As I sit cramped in my seat on Delta flight 201 from Johannesburg to Atlanta, I have many emotions as I approach my first holiday in the states since leaving in July. So eager to see my family, I wonder how I will feel when I arrive and am bombarded with western culture again.
I had a flavor of this just prior to leaving as we had a Peace Corps training in the capitol for two days last week. We met with Peace Corps staff from Malawi and Washington as well as SEED Global Health staff to discuss our experiences so far, share stories, and learn some education and research tools which may assist us in doing special projects in our sites.

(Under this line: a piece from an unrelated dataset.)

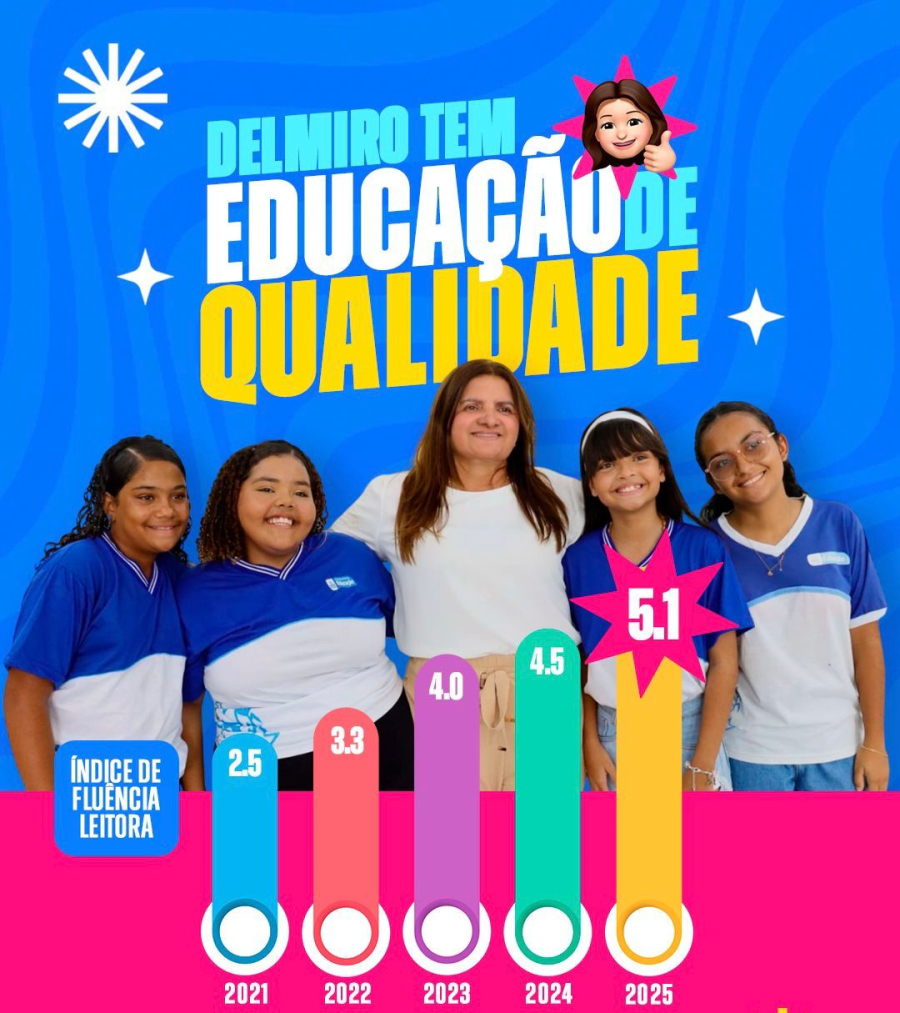 Delmiro Gouveia dobra Índice de Fluência Leitora em cinco anos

Friday evening we congregated at the PC country director s house for drinks and dinner. As we entered the spacious home, there was Christmas music playing and the lighted tree stood in the corner. Candles burned in the fireplace and a few stuffed Santas adorned the mantle and the buffet. This was shocking to me as other than the purple tinsel decorations at Shoprite, there is no evidence in Malawi of Christmas holiday season.

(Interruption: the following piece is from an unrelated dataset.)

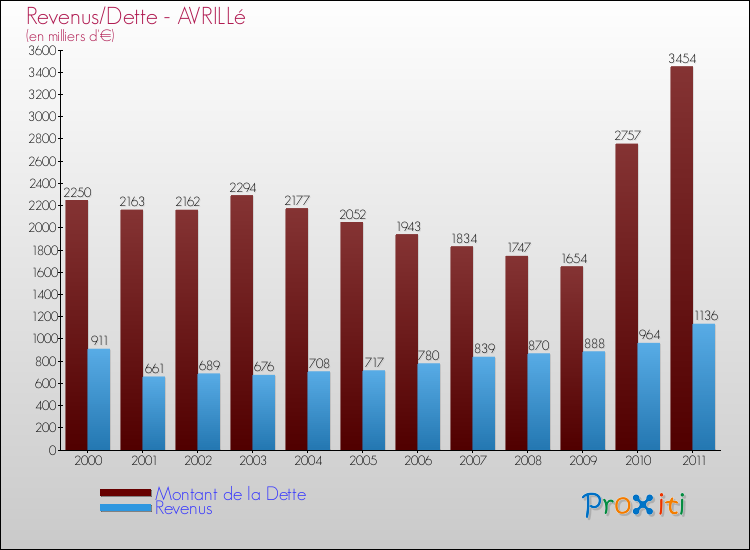 Evolution comparée de la dette et des revenus pour la commune de AVRILLé de 2000 à 2011 Comparaison de la dette et des revenus pour AVRILLé de 2000 à 2011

I have canvassed several students and faculty about how they spend the holiday and the answer is universal. The extended family congregates and has a special meal of chicken, rice, and vegetables. No gifts are exchanged. Decorations and trees are a western phenom and generally the day comes and goes without fanfare, and oh yes, there is church.
As the dinner was served family style, enormous 1 pound juicy T-bone steaks were passed, green beans, carrots, mashed potatoes, mousakka, and vegetarian sausages. It was an absolute feast and it was only then that I realized how monotonous and simple my diet has been for the last 5 months. When I rounded the corner heading for the desert table I gaped in amazement at the mammoth piece of carrot cake Amanda held on her plate, grinning from ear to ear. I was struck by my reaction; I was staring for well over 30 seconds (a long time to stand still and stare at a plate of cake), my mouth wide open, in awe of this site! It was this reaction that served as a warning of potential challenges I may feel as I re-enter life in the US.
I expect the difficulty may be around having so much food, choices, shopping, stimulus, afluence, in contrast to having simplicity and poverty in recent months. I am striving not to set expectations for my reactions and feelings but I am aware of the glaring contrasts as a result of attending a simple gathering at an ex-pat s home in Malawi.
What I loved about the evening was the sense of belonging and camaraderie. We played charades, shared stories, and just enjoyed the company of each other, freed from the stresses of our jobs and communities. It felt like home, like a haven, an oasis of friendship and comfort after 5 months of stress and adjustment.
Carrie gave me permission to accept this position and travel to Africa for a year as long as I promised to return in December to attend her long awaited graduation! Kate is home on leave from PC for a month so she will also attend as will Tina and Lauren and new baby grandson, Holt. So it will be a family reunion of sorts, minus some of the grandchildren.
The most difficult adjustment for me may be the cold! I love the weather in Malawi. I look forward to running in anonymity, without being stared at, to understand the conversations around me without having to tune out the language I cannot comprehend, though maybe that is a blessing.
Blissfully unaware of the holiday season, I am bracing myself for what may be overstimulation .so here goes! Arriving at 7am in Atlanta!
2 thoughts on “Mixed Emotions”
You are a professional in two worlds. This world welcomes you back and those open arms you’ll see are a present you gave us. Thank you. Will you becoming to Vermont?
Oh my. I have been wondering for a long time how you would adjust. I’m sure you will be fine. But I will be interested to hear what you think and how you feel when you get stateside, and when you get back. What an experience you have had, as have we all through your eyes. Yes, thank you.